(Task item)
Each record must appear in the answer exactly as it does in the data.
-=-=-=-=-
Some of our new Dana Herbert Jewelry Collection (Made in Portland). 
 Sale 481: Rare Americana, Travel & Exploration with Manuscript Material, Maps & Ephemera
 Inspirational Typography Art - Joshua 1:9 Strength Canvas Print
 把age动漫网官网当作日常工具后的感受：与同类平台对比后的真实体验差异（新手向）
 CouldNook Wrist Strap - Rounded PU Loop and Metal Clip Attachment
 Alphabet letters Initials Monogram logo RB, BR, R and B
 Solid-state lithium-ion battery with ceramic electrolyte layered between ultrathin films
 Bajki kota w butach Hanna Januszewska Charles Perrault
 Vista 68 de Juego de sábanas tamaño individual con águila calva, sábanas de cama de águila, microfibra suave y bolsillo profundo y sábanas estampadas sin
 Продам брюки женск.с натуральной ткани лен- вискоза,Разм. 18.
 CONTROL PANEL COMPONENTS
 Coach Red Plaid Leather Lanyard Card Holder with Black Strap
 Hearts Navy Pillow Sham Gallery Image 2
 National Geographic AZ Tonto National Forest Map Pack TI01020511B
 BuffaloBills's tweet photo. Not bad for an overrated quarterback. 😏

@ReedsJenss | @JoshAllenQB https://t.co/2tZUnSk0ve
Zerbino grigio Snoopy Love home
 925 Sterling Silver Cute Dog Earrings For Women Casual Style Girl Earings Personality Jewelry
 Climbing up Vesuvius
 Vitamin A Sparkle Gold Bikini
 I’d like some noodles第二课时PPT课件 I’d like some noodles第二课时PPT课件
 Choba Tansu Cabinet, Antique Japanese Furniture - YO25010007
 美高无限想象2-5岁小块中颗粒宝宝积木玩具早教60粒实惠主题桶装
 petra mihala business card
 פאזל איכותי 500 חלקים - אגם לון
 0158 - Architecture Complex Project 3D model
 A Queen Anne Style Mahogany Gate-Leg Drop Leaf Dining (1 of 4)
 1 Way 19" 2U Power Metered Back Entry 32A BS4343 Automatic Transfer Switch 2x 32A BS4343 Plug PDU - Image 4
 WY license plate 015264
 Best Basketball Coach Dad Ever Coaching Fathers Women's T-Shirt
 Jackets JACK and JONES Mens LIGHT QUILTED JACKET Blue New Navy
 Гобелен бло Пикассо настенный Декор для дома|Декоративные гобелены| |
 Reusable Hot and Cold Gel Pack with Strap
-=-=-=-=-
(Written solution)
Some of our new Dana Herbert Jewelry Collection (Made in Portland). 
 Sale 481: Rare Americana, Travel & Exploration with Manuscript Material, Maps & Ephemera
 Inspirational Typography Art - Joshua 1:9 Strength Canvas Print
 把age动漫网官网当作日常工具后的感受：与同类平台对比后的真实体验差异（新手向）
 CouldNook Wrist Strap - Rounded PU Loop and Metal Clip Attachment
 Alphabet letters Initials Monogram logo RB, BR, R and B
 Solid-state lithium-ion battery with ceramic electrolyte layered between ultrathin films
 Bajki kota w butach Hanna Januszewska Charles Perrault
 Vista 68 de Juego de sábanas tamaño individual con águila calva, sábanas de cama de águila, microfibra suave y bolsillo profundo y sábanas estampadas sin
 Продам брюки женск.с натуральной ткани лен- вискоза,Разм. 18.
 CONTROL PANEL COMPONENTS
 Coach Red Plaid Leather Lanyard Card Holder with Black Strap
 Hearts Navy Pillow Sham Gallery Image 2
 National Geographic AZ Tonto National Forest Map Pack TI01020511B
 BuffaloBills's tweet photo. Not bad for an overrated quarterback. 😏

@ReedsJenss | @JoshAllenQB https://t.co/2tZUnSk0ve
Zerbino grigio Snoopy Love home
 925 Sterling Silver Cute Dog Earrings For Women Casual Style Girl Earings Personality Jewelry
 Climbing up Vesuvius
 Vitamin A Sparkle Gold Bikini
 I’d like some noodles第二课时PPT课件 I’d like some noodles第二课时PPT课件
 Choba Tansu Cabinet, Antique Japanese Furniture - YO25010007
 美高无限想象2-5岁小块中颗粒宝宝积木玩具早教60粒实惠主题桶装
 petra mihala business card
 פאזל איכותי 500 חלקים - אגם לון
 0158 - Architecture Complex Project 3D model
 A Queen Anne Style Mahogany Gate-Leg Drop Leaf Dining (1 of 4)
 1 Way 19" 2U Power Metered Back Entry 32A BS4343 Automatic Transfer Switch 2x 32A BS4343 Plug PDU - Image 4
 WY license plate 015264
 Best Basketball Coach Dad Ever Coaching Fathers Women's T-Shirt
 Jackets JACK and JONES Mens LIGHT QUILTED JACKET Blue New Navy
 Гобелен бло Пикассо настенный Декор для дома|Декоративные гобелены| |
 Reusable Hot and Cold Gel Pack with Strap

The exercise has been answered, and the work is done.